§ **PROBLEM TO SOLVE**: Please give the entries below again exactly, omitting every picture.

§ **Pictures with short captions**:
* * * *
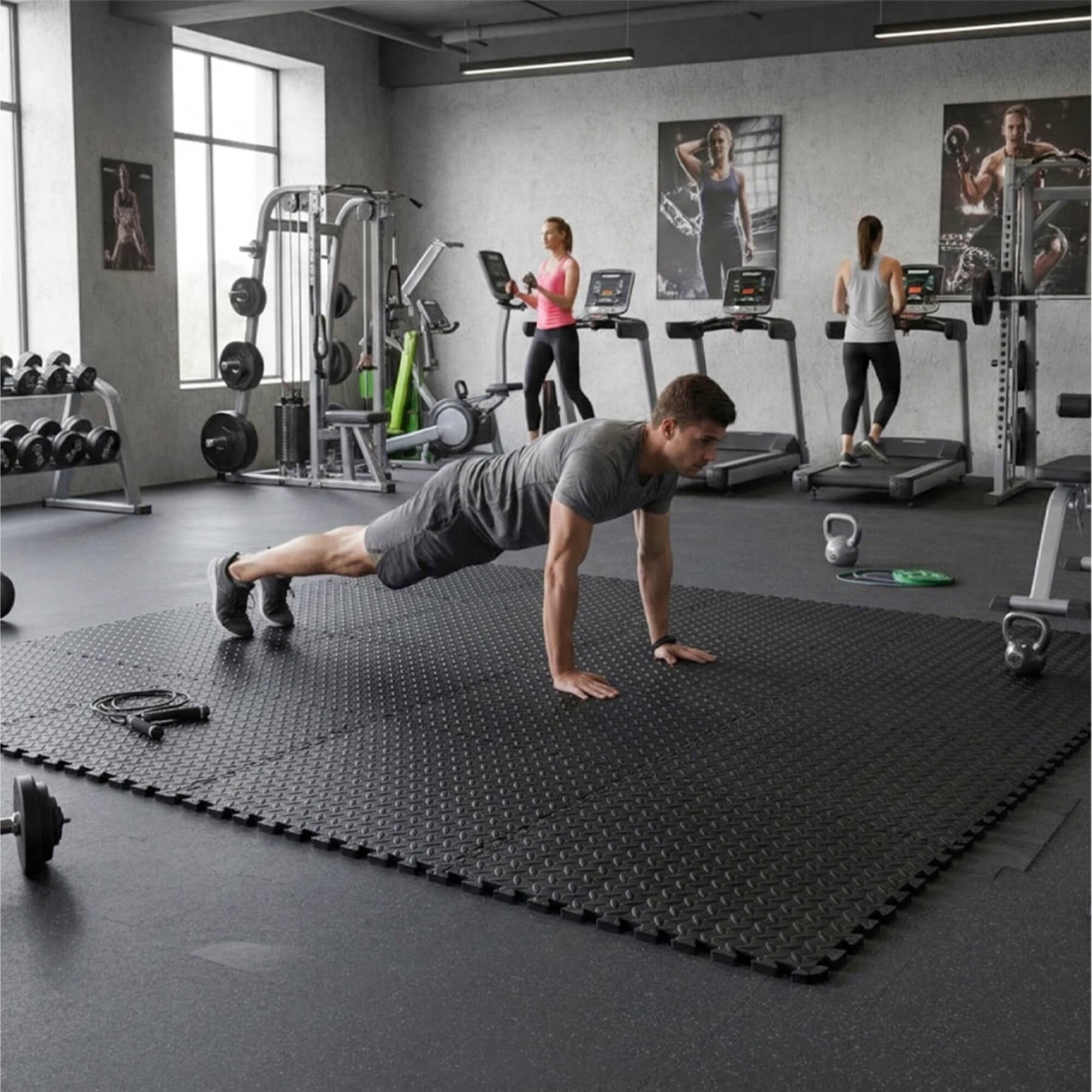 Alt View 3. BalanceFrom Fitness - BalanceFrom Fitness 96 Sq Ft Interlocking EVA Foam Exercise Mat Tiles, Black - Black.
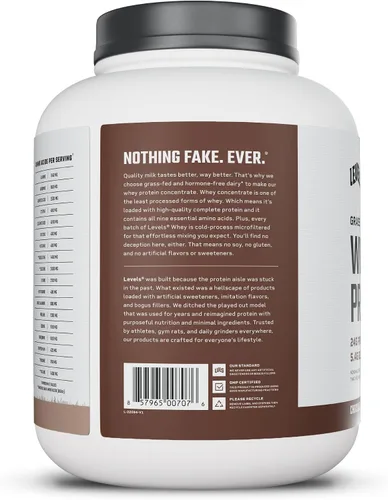 Miniatura 8 de Levels - Polvo de proteína de suero alimentado con pasto, sin artificiales, 24G de proteína, Chocolate Mocha, 5 libras
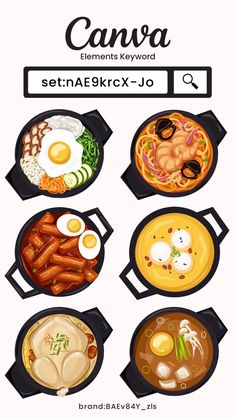 an image of different types of food in pans on a white background with the words canvas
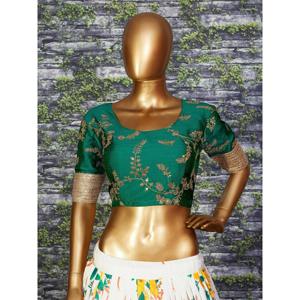 Beau concepteur blanc-vert imprimé numérique Lehenga Choli - Product Image 3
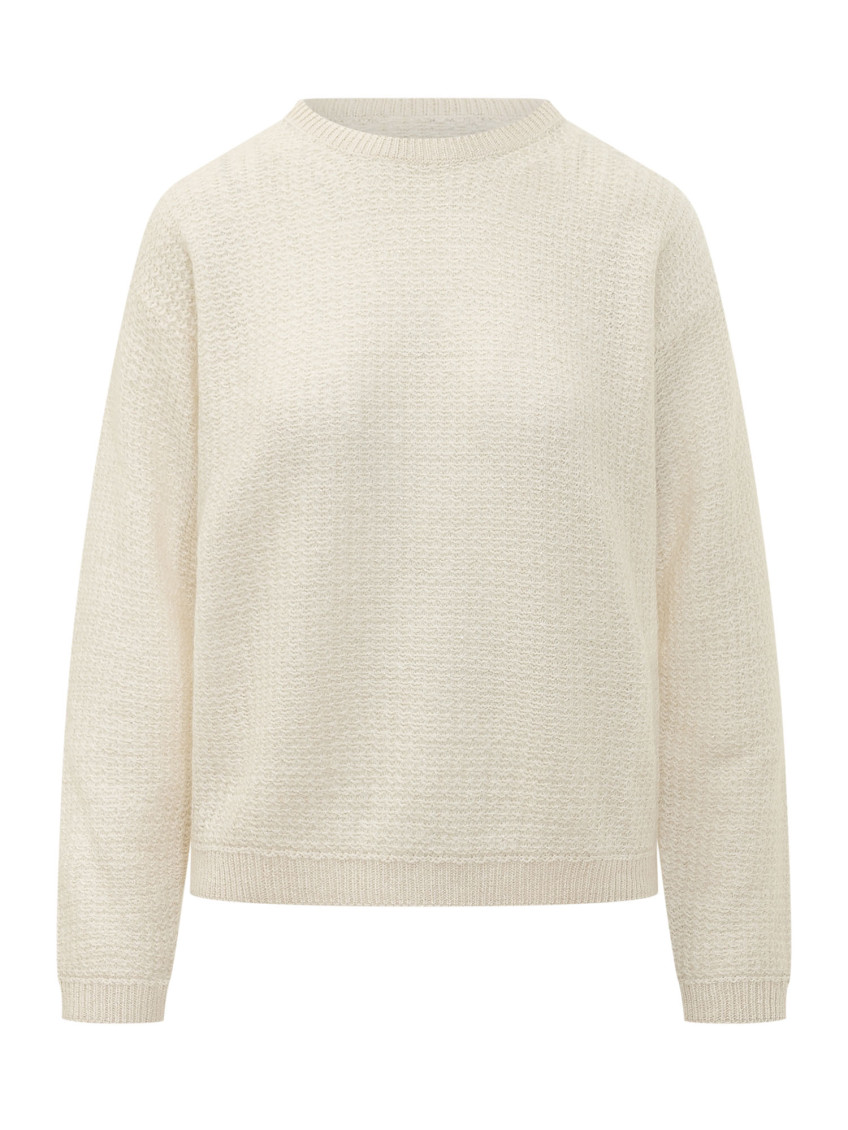 Off White Knitted Crew Neck Sweater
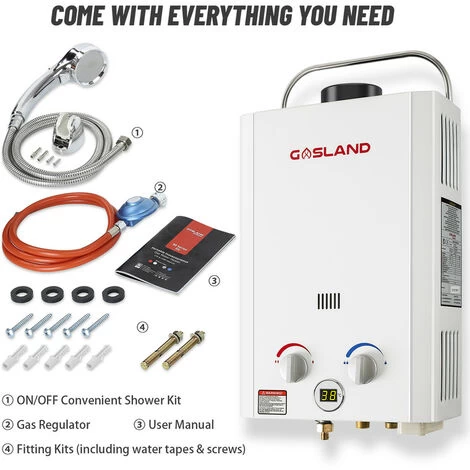 GASLAND Outdoor Tankless Gas Water Heater With Rain Cap, CE Certified BE158 6L Hot Shower System, Portable Instant Water Heater For Camping Road Trip, White - Image 5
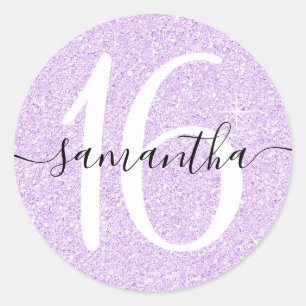 Girly Lavender Faux Glitter Personalized 16 Ronde Sticker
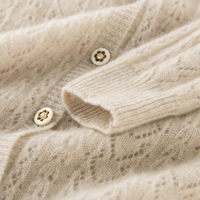 Cardigan en cachemire pour femme, col en V, tricoté, de qualité supérieure, décontracté, très tendance
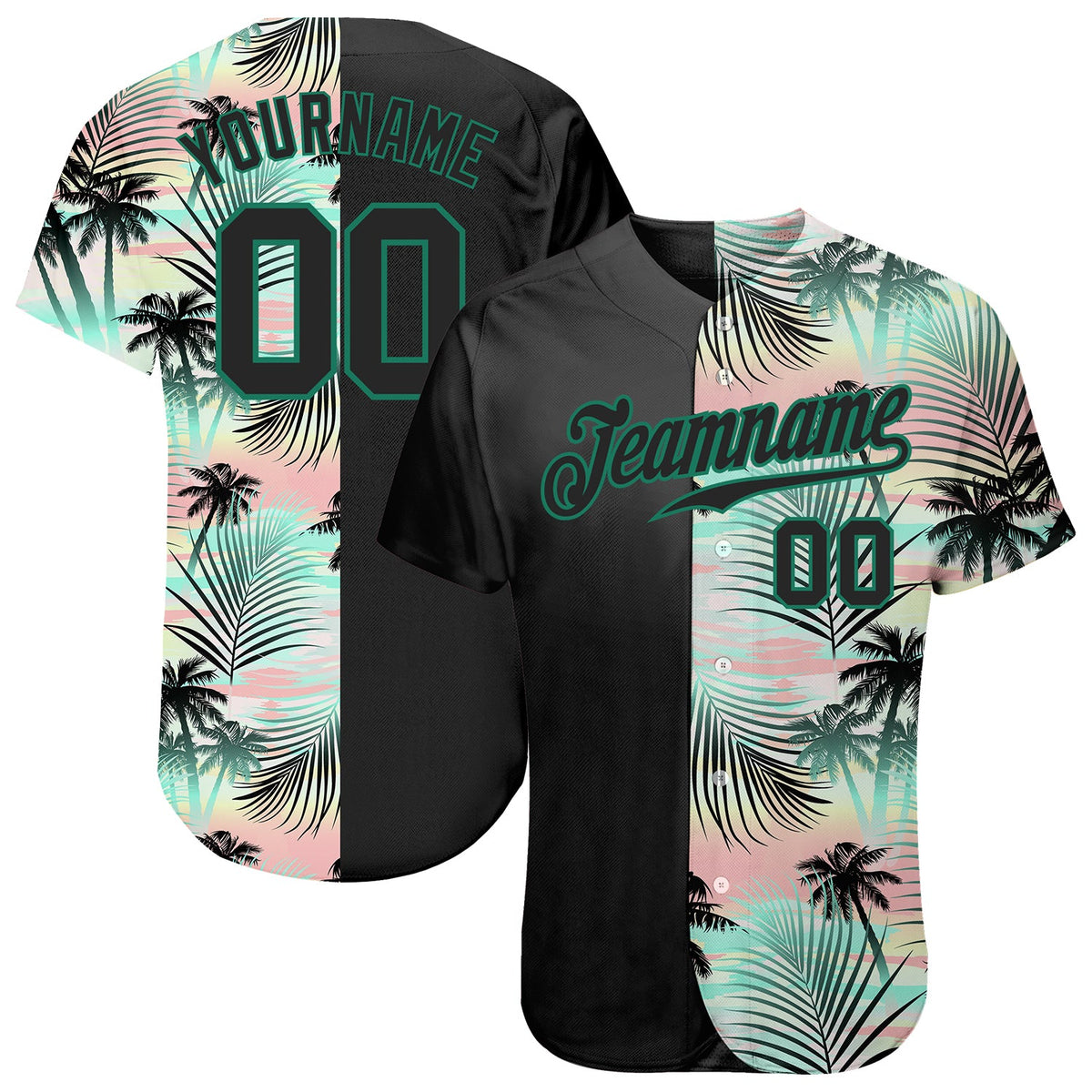 Custom Black Black-Kelly Green 3D Pattern Design Tropical Palm Leaves Authentic Baseball Jersey hawaiian shirt. Personalized Customized sport uniform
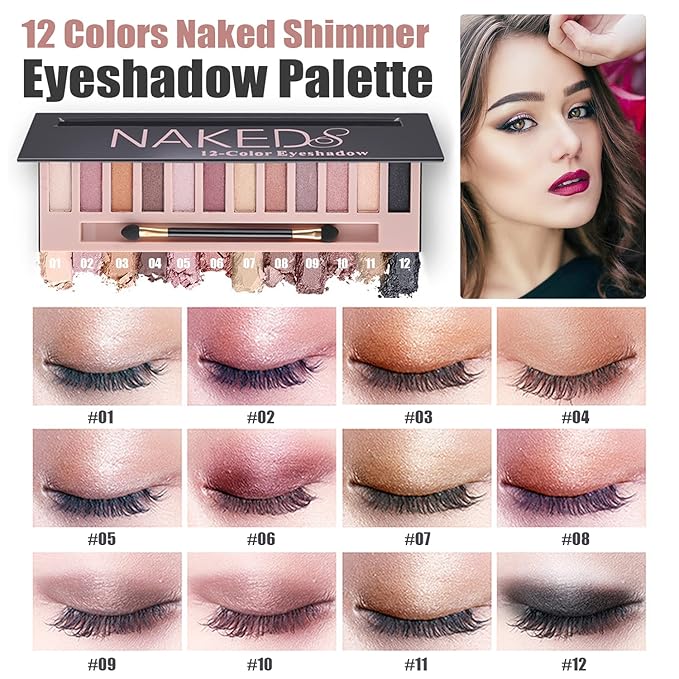 Naked All in One Makeup Kit for Women - Full Kit with 12 Eyeshadows, Foundation, Lipstick Set, Mascara, Brush, Sponge, Eyebrow Powder, Soap, Eyeliner (#102)
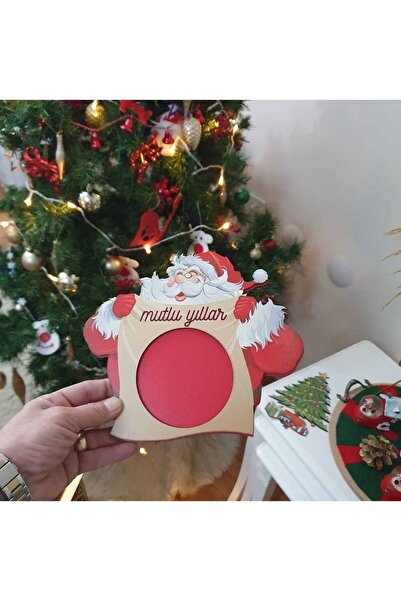 Yaşam Baskı Happy New Year - New Year - Merry Christmas Themed Wooden Coaster...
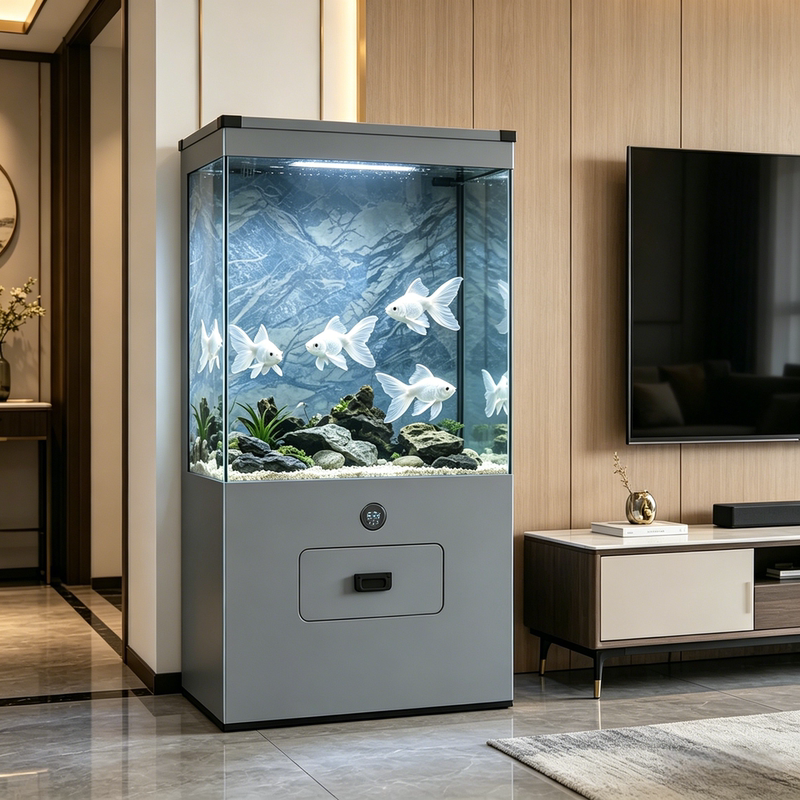 2026 New Vertical Fish Tank, No Need to Change Water, Self-Circulating, Floor-Standing, Living Room Bottom Filtration, Small and Medium-Sized Integrated Ecological Tank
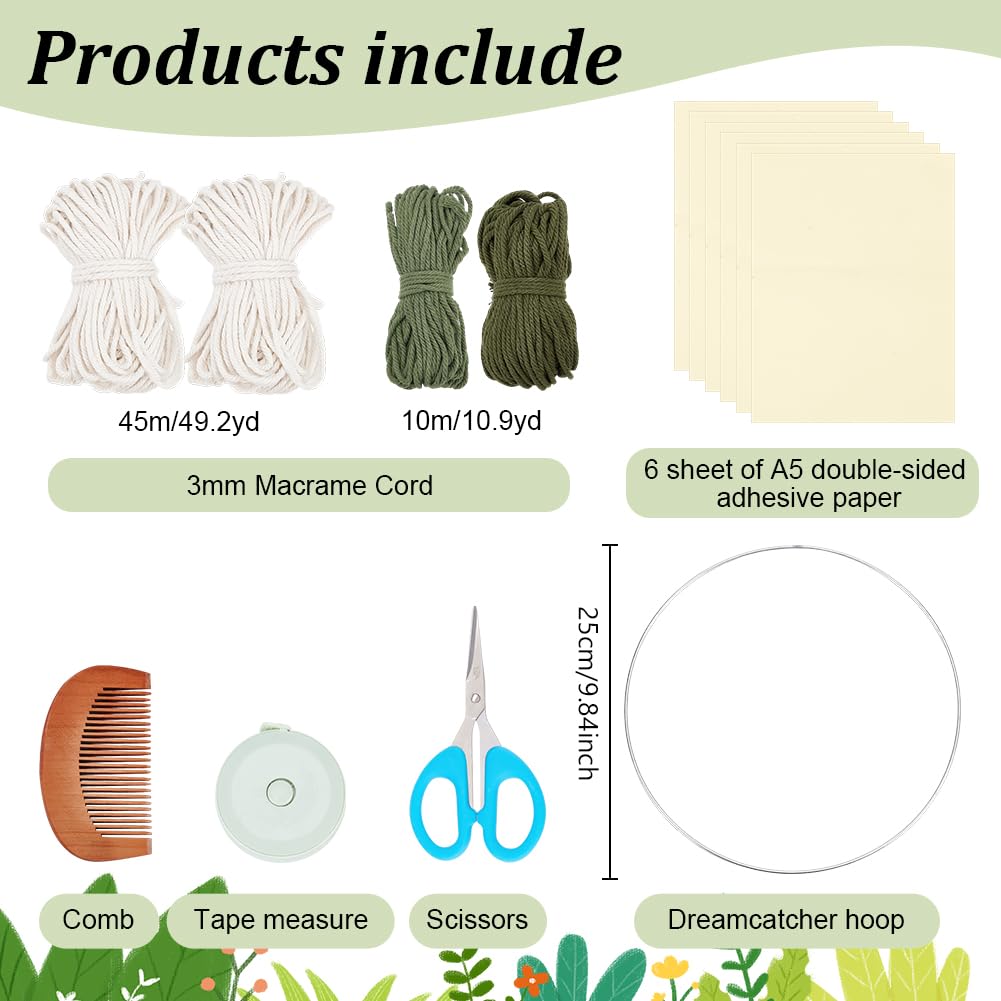 ORIGACH DIY Macrame Tree of Life Wall Hanging Kit Handmade Boho Leaves Tapestry Macrame Kit for Beginner Adults with Step by Step Instruction Macrame Wall Decor for Living Room, Green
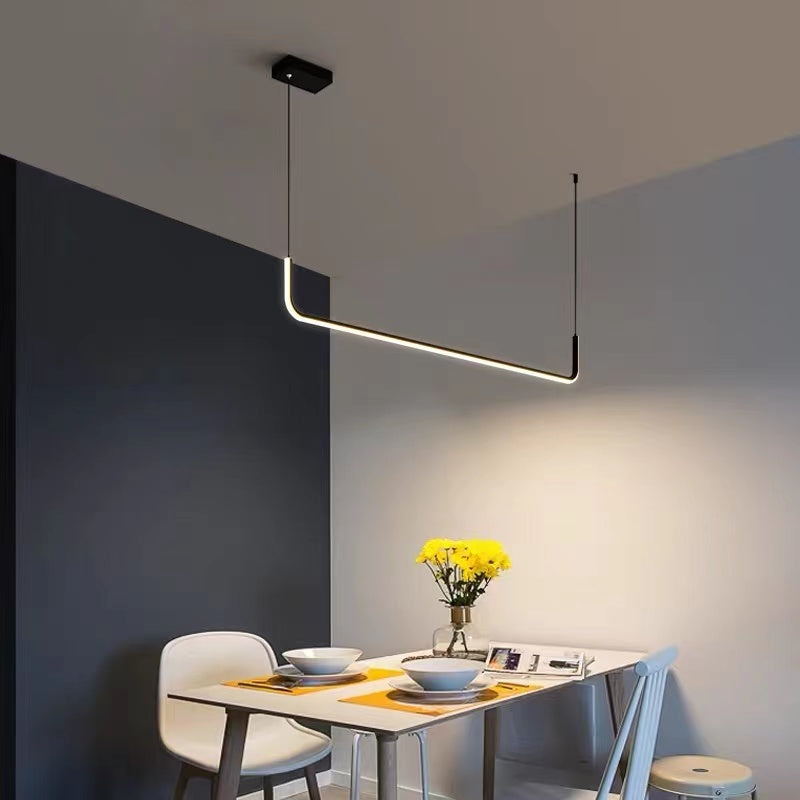 LuxLinea: Modern LED Pendant Light – Linear Metal Lamp in Gold & Black for Dining Room & Living Room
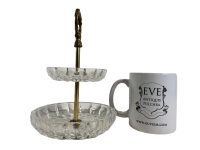 Alternative view of Vintage French Glass Two Tier Serving Bowl Dish Sweet Candy Sugar Bon Bons Metal Handled circa 1960's / EVE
* * * *
§ **SOLUTION TO THIS EXERCISE**:
 Alt View 3. BalanceFrom Fitness - BalanceFrom Fitness 96 Sq Ft Interlocking EVA Foam Exercise Mat Tiles, Black - Black.
 Miniatura 8 de Levels - Polvo de proteína de suero alimentado con pasto, sin artificiales, 24G de proteína, Chocolate Mocha, 5 libras
 an image of different types of food in pans on a white background with the words canvas
 Beau concepteur blanc-vert imprimé numérique Lehenga Choli - Product Image 3
 Off White Knitted Crew Neck Sweater
 GASLAND Outdoor Tankless Gas Water Heater With Rain Cap, CE Certified BE158 6L Hot Shower System, Portable Instant Water Heater For Camping Road Trip, White - Image 5
 Girly Lavender Faux Glitter Personalized 16 Ronde Sticker
 Cardigan en cachemire pour femme, col en V, tricoté, de qualité supérieure, décontracté, très tendance
 Custom Black Black-Kelly Green 3D Pattern Design Tropical Palm Leaves Authentic Baseball Jersey hawaiian shirt. Personalized Customized sport uniform
 Naked All in One Makeup Kit for Women - Full Kit with 12 Eyeshadows, Foundation, Lipstick Set, Mascara, Brush, Sponge, Eyebrow Powder, Soap, Eyeliner (#102)
 Yaşam Baskı Happy New Year - New Year - Merry Christmas Themed Wooden Coaster...
 2026 New Vertical Fish Tank, No Need to Change Water, Self-Circulating, Floor-Standing, Living Room Bottom Filtration, Small and Medium-Sized Integrated Ecological Tank
 ORIGACH DIY Macrame Tree of Life Wall Hanging Kit Handmade Boho Leaves Tapestry Macrame Kit for Beginner Adults with Step by Step Instruction Macrame Wall Decor for Living Room, Green
 LuxLinea: Modern LED Pendant Light – Linear Metal Lamp in Gold & Black for Dining Room & Living Room
 Alternative view of Vintage French Glass Two Tier Serving Bowl Dish Sweet Candy Sugar Bon Bons Metal Handled circa 1960's / EVE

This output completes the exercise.